There are two ways you can solve this problem: you either reduce churn or aim to achieve a negative revenue churn.
Negative revenue churn can be obtained when the expansion revenue (earned from upsells and cross-sells) from the customers that don’t churn exceeds the revenue lost from the customers that do churn.
How customer success helps you reduce churn
If you want to prevent your customers from churning, you need to delight them. But what does that mean?
Most companies think that engaged customers, those who continue to use their product regularly, are happy customers. But that’s not necessarily true. Customers can continue to use your product even if they’re not happy with it. Then, one day, when they had enough, they will just leave.
Churn often comes as a surprise to businesses. But employing customer success strategies enables you to prevent that. Because you learn a customer is not happy with your product before they have a chance to leave you.
Another reason to keep your customers happy is that happy customers bring in new customers through referrals. Cold leads are costly, have a low conversion rate, and take a long time to acquire. In contrast, referred customers cost you nothing and have a high conversion rate.

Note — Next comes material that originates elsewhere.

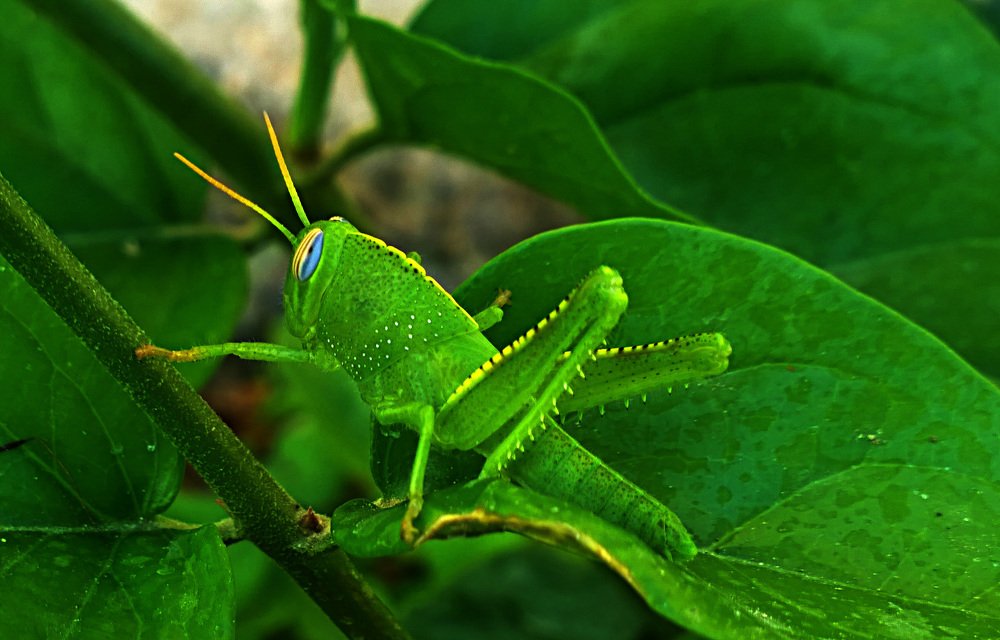 Photograph by Nihan Bayındır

How to use customer success to reduce churn
As customers become long-term users, this will give you more opportunities to expand your revenue through upsells and cross-sells. Long-term users are also much more likely to become product advocates and bring in more users via word-of-mouth.
So here are 4 customer success strategies that can help you reduce churn and turn customers into long-term users:
1. Keeping customers engaged
Set up automated emails that get triggered when a user performs a specific action to engage them further.

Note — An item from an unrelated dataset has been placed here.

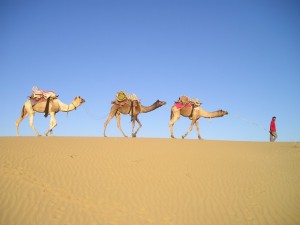 らくだが針の穴を通ることができるのか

For example, if you have a platform that manages pop-ups for websites, you can tell your customers how implementing an exit pop-up can help them reduce bounce rate, and then direct them to the pop-up designer on your platform. Help like this adds value to the customers’ efforts and makes them stay.
2. Interact with your customers regularly
If you only reach out to your customers when it’s time for them to pay, that doesn’t make for a great experience. Your interactions should be meaningful so the customer can see he’s not just wasting money.
This is why regularly interacting with customers is crucial. You don’t always have to give them something. Sometimes, simply reaching out to see how they’re doing is enough. It shows that you care about them, and you’re interested in helping them use your product successfully.
3. Ask customers for feedback on how you can improve your product
How does seeing a feature you proposed implemented? It feels good, right?
This is another way you can help your customers achieve their goals. Encourage them to suggest improvements for your product, upgrades, and new features.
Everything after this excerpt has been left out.